Denuncias por vivienda

Contra la vivienda indigna. V de Vivienda. Todos juntos podemos.

jueves, noviembre 22, 2007

El factor psicológico de la economía

José Antonio Bueno/ elperiodico

Hay pocas verdades inmutables, y casi ninguna en el mundo económico. No obstante, la teoría de los ciclos se resiste a caer. Desde los años de vacas gordas y flacas bíblicos hasta nuestros días parece que toda expansión precede a una recesión, y viceversa. Bien es cierto que la velocidad de información y la capacidad de intervención de entes reguladores en los mercados hace que las crisis sean cada vez más cortas e incluso evitables. Estamos en medio de una no crisis que, ojalá, no acabe materializándose con la intensidad con la que pudo --y puede-- desatarse.
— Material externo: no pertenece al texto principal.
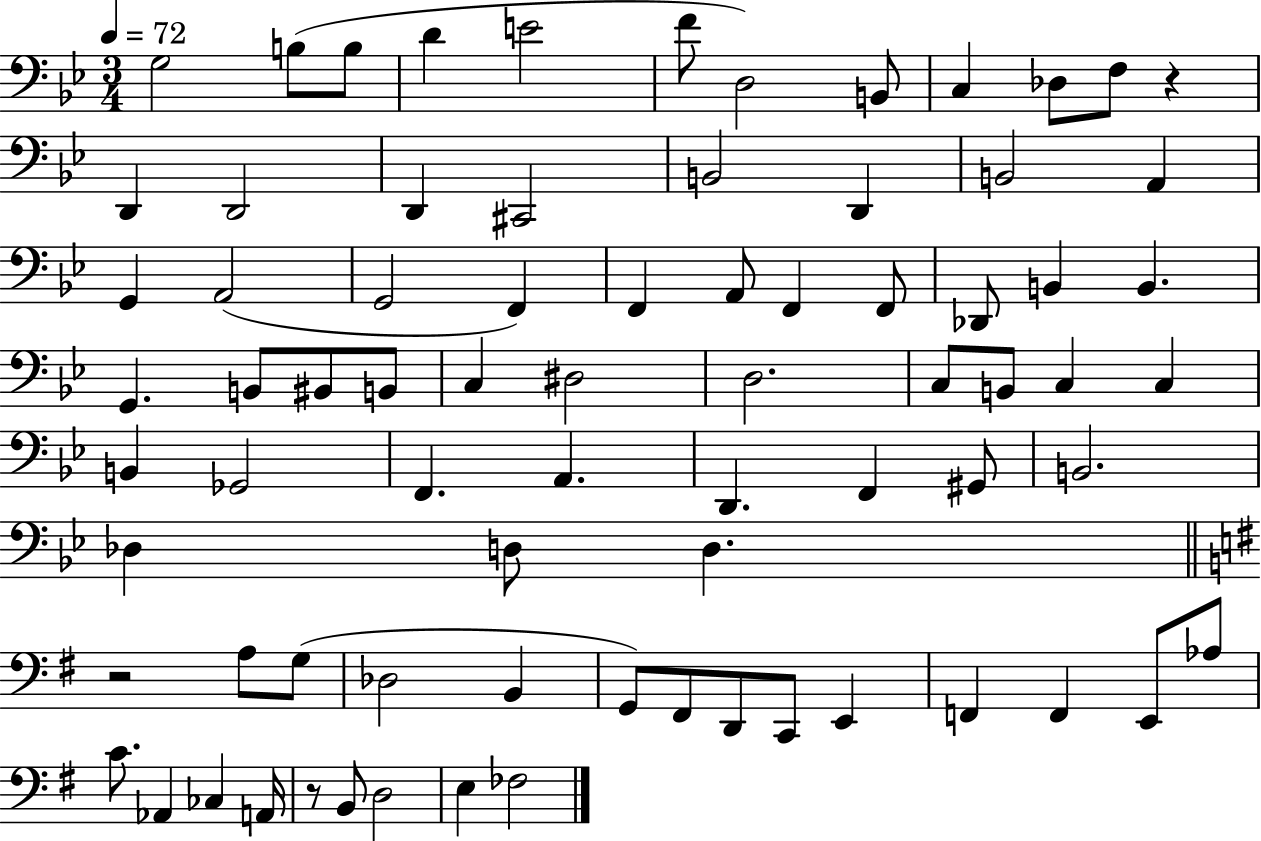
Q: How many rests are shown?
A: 3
El 9 de agosto, el mundo financiero estuvo al borde del abismo. Felizmente, los anglosajones no se toman tan en serio el ferragosto como nosotros los mediterráneos y la intervención concertada de los bancos centrales, liderada por la Reserva Federal norteamericana, evitó la entrada en un periodo de recesión de consecuencias difícilmente mesurables. Tras un nuevo periodo de "extraordinaria exuberancia" de los mercados y, sobre todo, de las facilidades para el crédito, una crisis localizada (las hipotecas de alto riesgo o suprime norteamericanas, que no tienen nada que ver con nuestras hipotecas patrias) contagió de una forma virulenta a los mercados mayoristas de crédito.

Por primera vez una crisis muy localizada se saltó todos los filtros y contagió al corazón del sistema financiero mundial. ¿Por qué? Las condiciones de bajísimos tipos de interés desarrollaron unos mecanismos de inversión demasiado eficientes, que primaban el riesgo y castigaban la cautela. La consecuencia: cuando el sistema comenzó a revisar su estado, por una crisis, insisto, localizada, descubrió que no sabía cómo estaba a ciencia cierta. Banalizando: todas las instituciones de crédito mayoristas, las que juegan en las grandes ligas, habían tenido comportamientos de riesgo. Y, ante la duda, nadie prestaba a nadie.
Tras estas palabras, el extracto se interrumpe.